• WORK TO COMPLETE
Output every line below as it stands, dropping only the images.
BEGIN DATASET EXTRACT
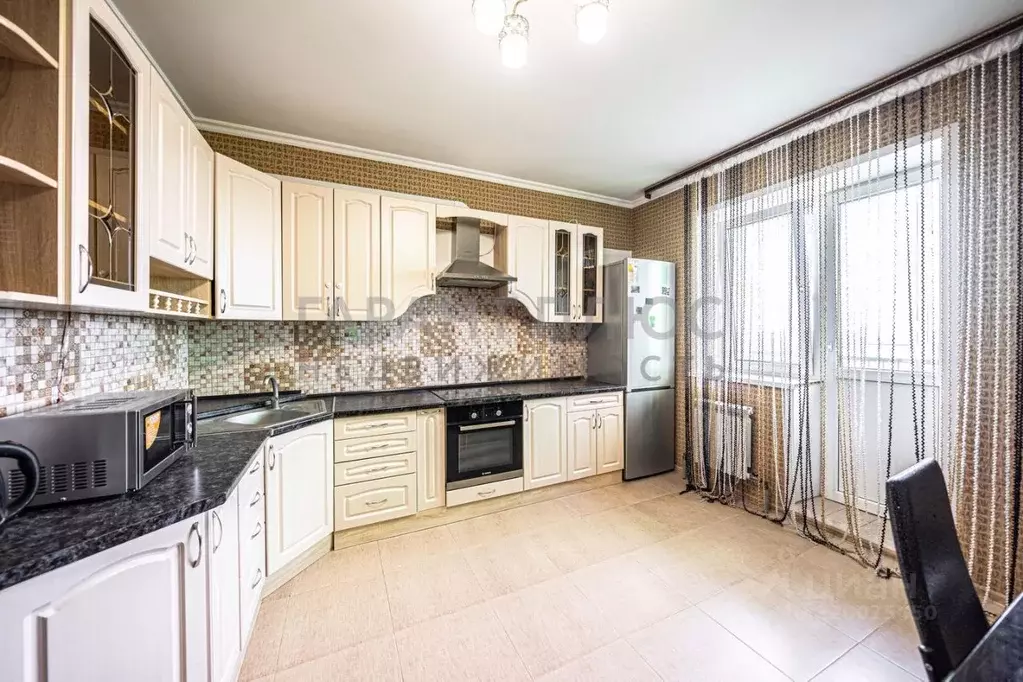 2-к кв. Липецкая область, Липецк пер. Балакирева, 1 (75.0 м) - Фото 2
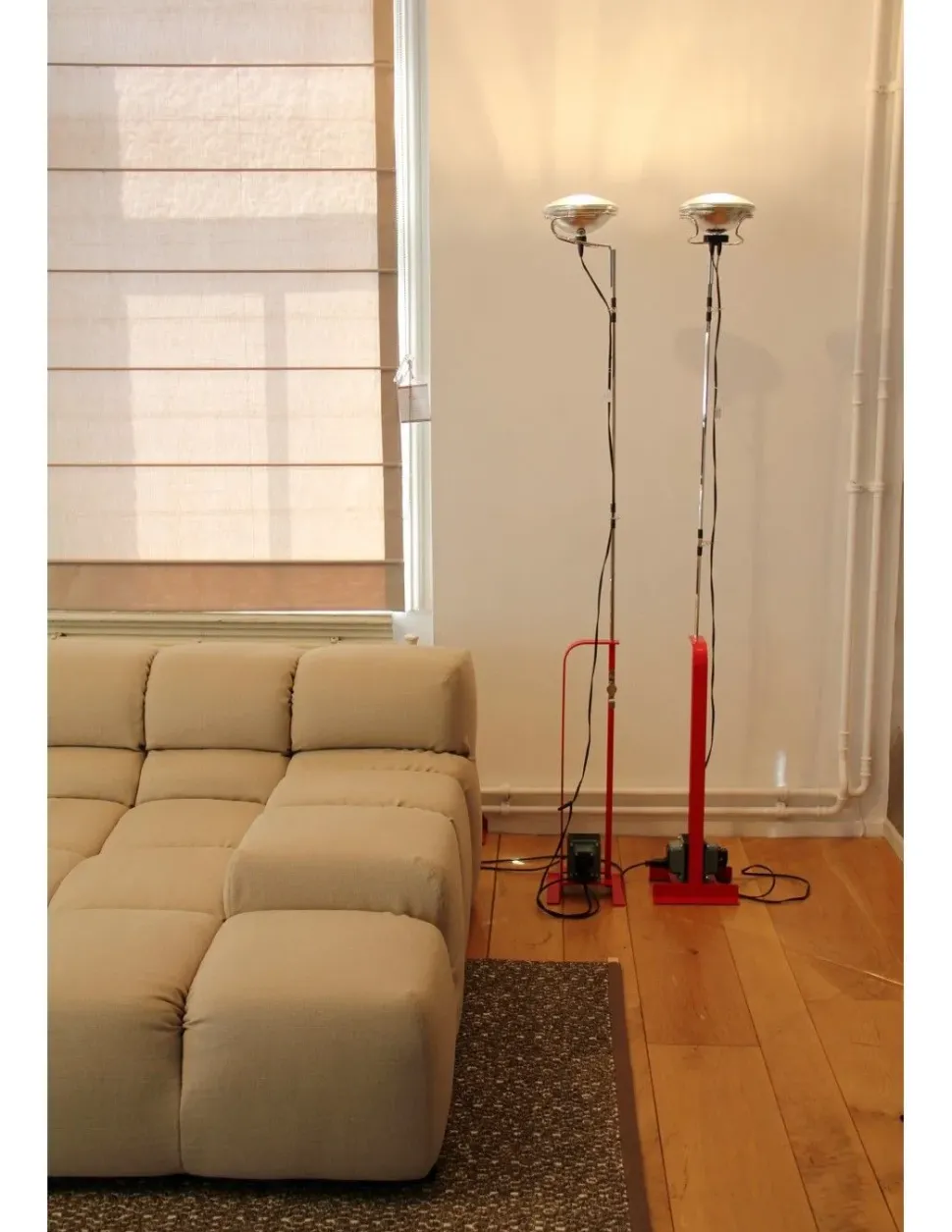 Lampada da terra Toio led Flos in Offerta Outlet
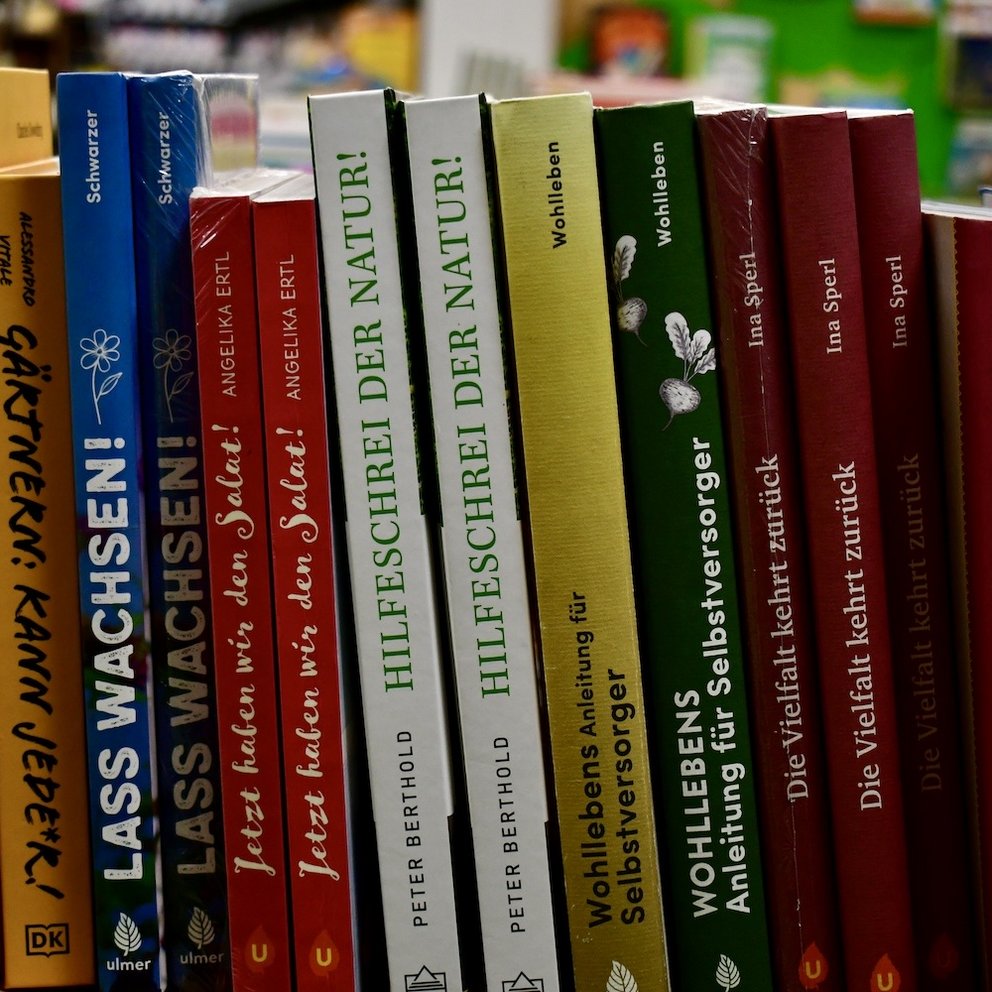 Überblick über die Buchrücken zu verschiedenen Garten-Büchern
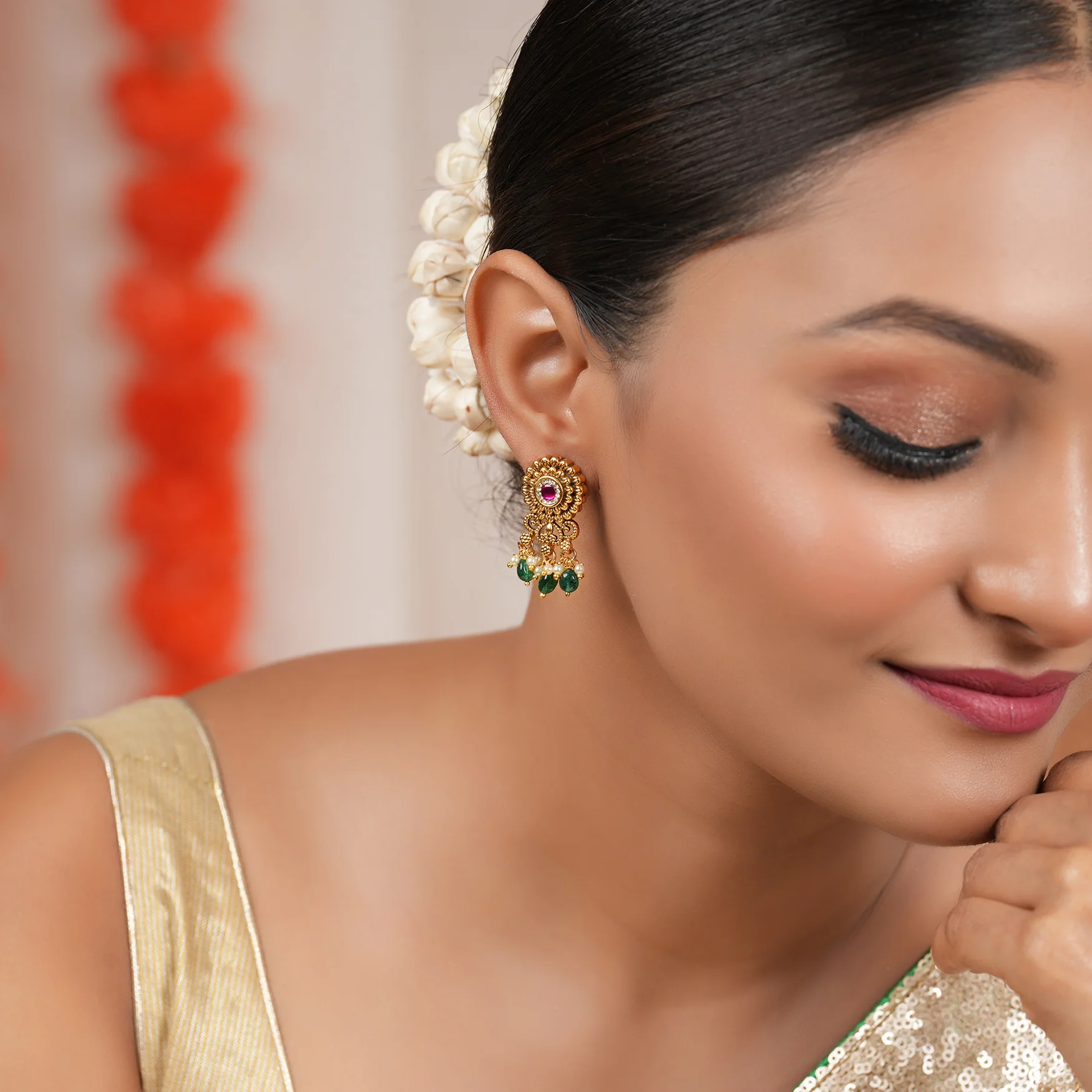 Cute kundan stone antique gold floral earring - Image 2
END DATASET EXTRACT
• ANSWER SECTION
 2-к кв. Липецкая область, Липецк пер. Балакирева, 1 (75.0 м) - Фото 2
 Lampada da terra Toio led Flos in Offerta Outlet
 Überblick über die Buchrücken zu verschiedenen Garten-Büchern
 Cute kundan stone antique gold floral earring - Image 2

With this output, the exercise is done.